INFORMATION PROVIDED: Begin
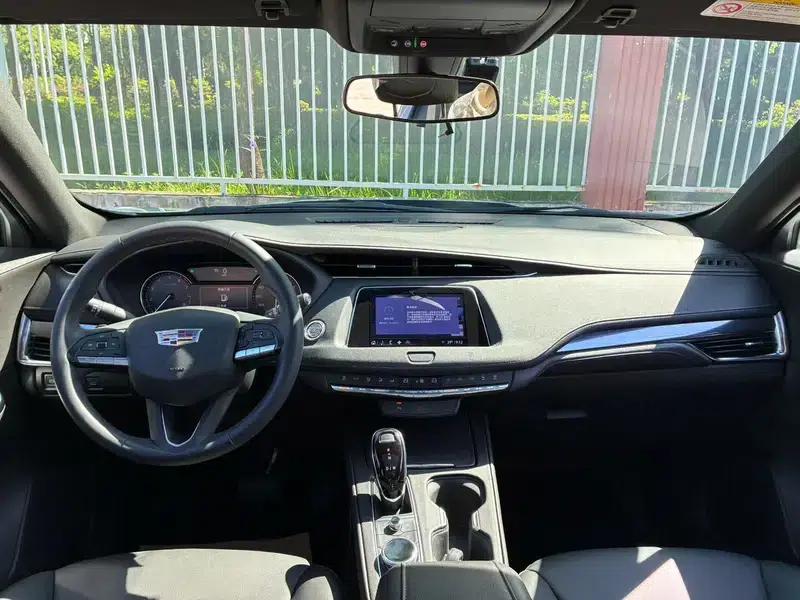 Cadillac XT4 2021 28T Two-Wheel Drive Technology Edition — миниатюра 7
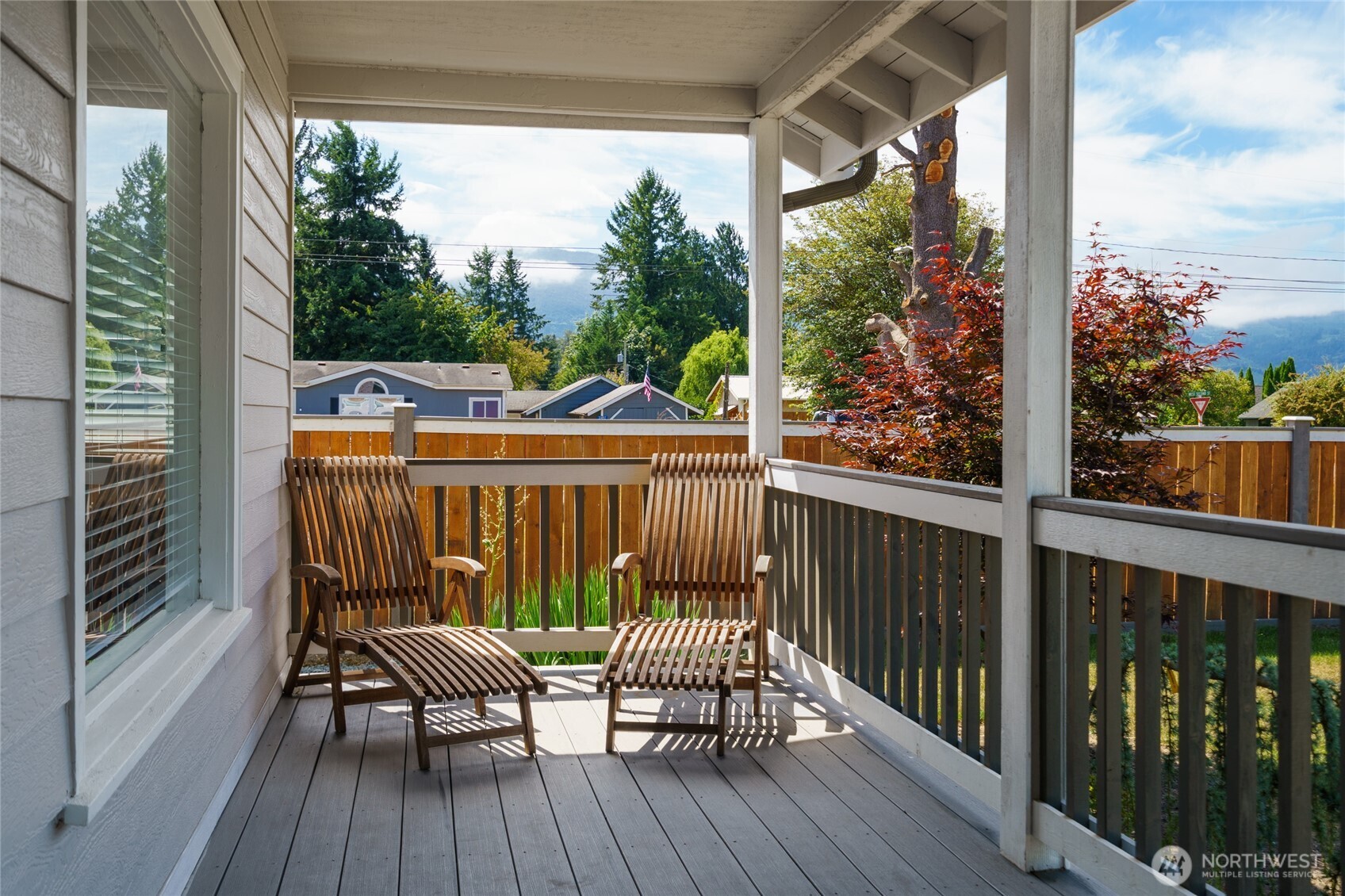 8387 Dyer Street Property Photo 6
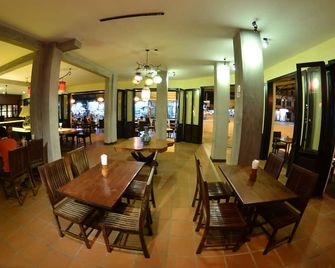 Inthira Thakhek - Thakhèk - Restaurant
INFORMATION PROVIDED: End
# TASK BRIEF
Leave out the pictures and return the listing exactly.

# RESULT
 Cadillac XT4 2021 28T Two-Wheel Drive Technology Edition — миниатюра 7
 8387 Dyer Street Property Photo 6
 Inthira Thakhek - Thakhèk - Restaurant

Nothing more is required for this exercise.